A new eBay-style rental property auction service allows landlords and letting agents to upload their properties so that potential tenants can bid on them.  

ThePropertyBid.com has been launched by building surveyor Jonathan Ambrose, who said: “Our system will make the whole rental process completely transparent, so that prospective tenants can bid on a rental property in an open auction format that is managed by the landlord or letting agent.

“The site is all about making the process fairer, and while critics may suggest rental auctions will drive up rents in an already overheated market and be slanted towards landlords, the reality is that tenants will only bid what they can afford in their budget.

“What we’re doing is providing choice. With high demand for residential lettings, there will be resulting price increases anyway. It’s the market that determines the prices because ultimately rental prices are a reflection of supply and demand.
 
“It’s a matter of people determining what they can afford. If the asked rent moves beyond their expectations they will simply move on to another property that is within their budget. This won’t change, even if an auction system is in place.

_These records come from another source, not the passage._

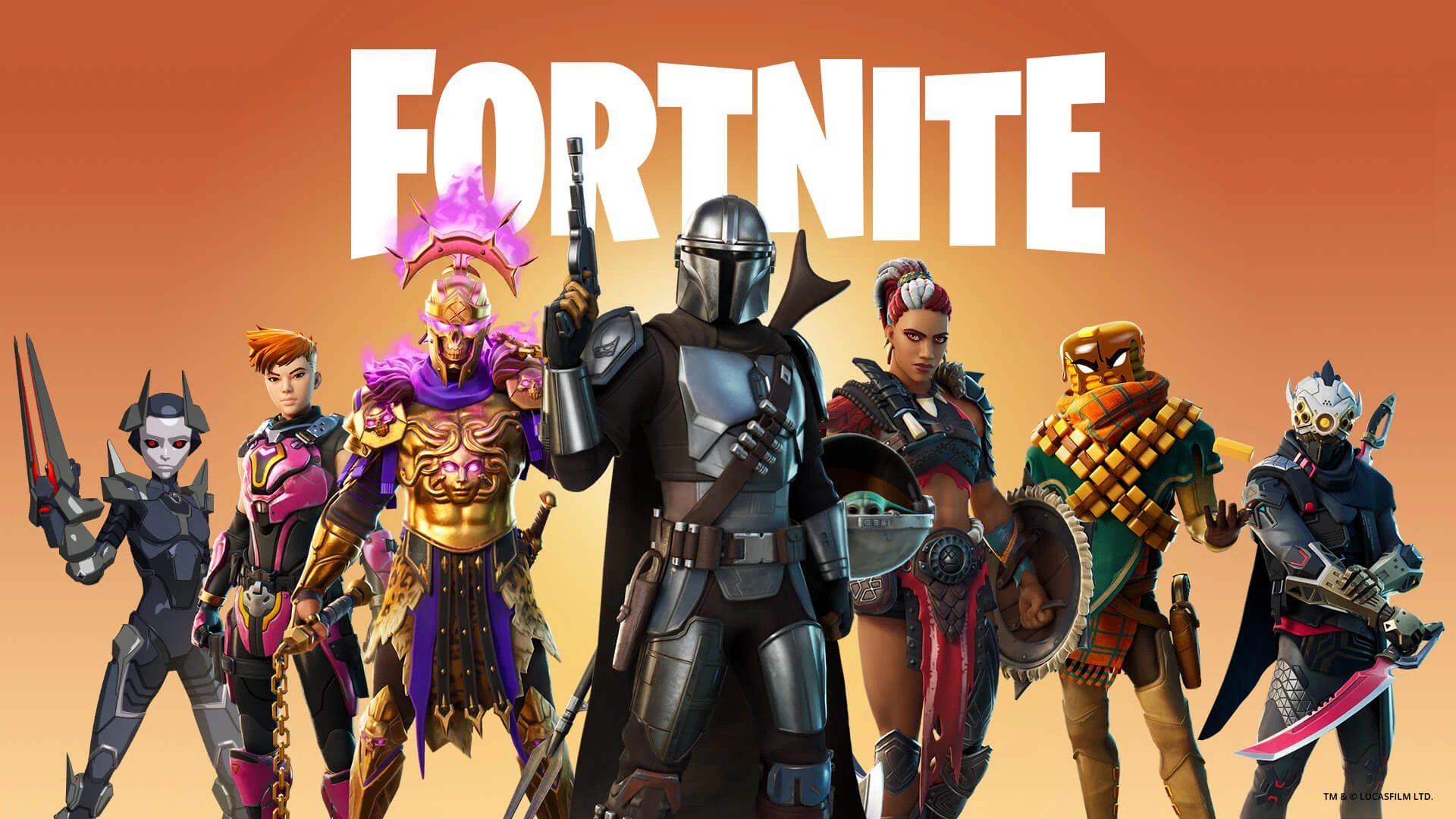 El Mandaloriano, con el Niño en brazos, rodeado de cazadores de otras realidades bajo el logotipo de Fortnite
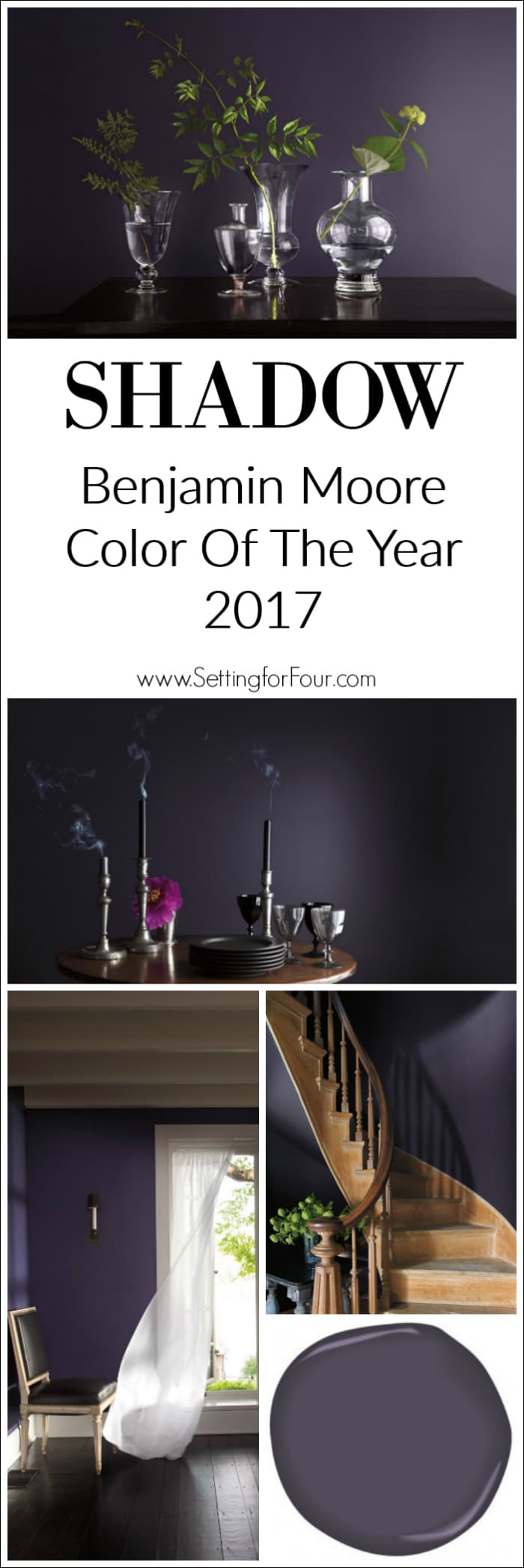 For your home: Looking for a paint color to paint your next room? See why I love Shadow BM 2117-30: Benjamin Moore's Color of the Year 2017 and how it looks in real rooms!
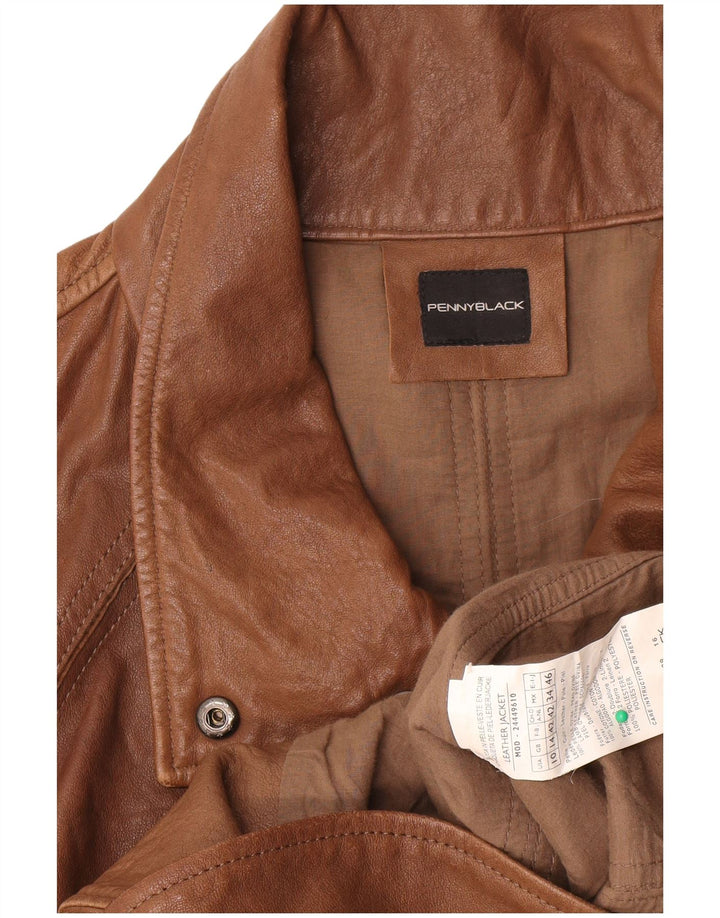 Giacca da motociclista in pelle da donna Penny Black UK 14 Grande pelle marrone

“By having the rental process done online, everyone can monitor the process and make sure it’s done ethically. This way it’s all out in the open on the website.”

The site also ensures that applicants are reference checked before they are allowed to make a bid.

Letting agents and landlords create their own auction online, listing the property according to search categories such as type (ranging from parking bays and mansions), price and description.
 
There are no upfront or joining fees. Once the auction has finished, the landlord or agent is then required to pay a 20% commission fee on the achieved monthly rent amount and the tenant pays 5%, charged to cover their reference check and to ensure they are committed.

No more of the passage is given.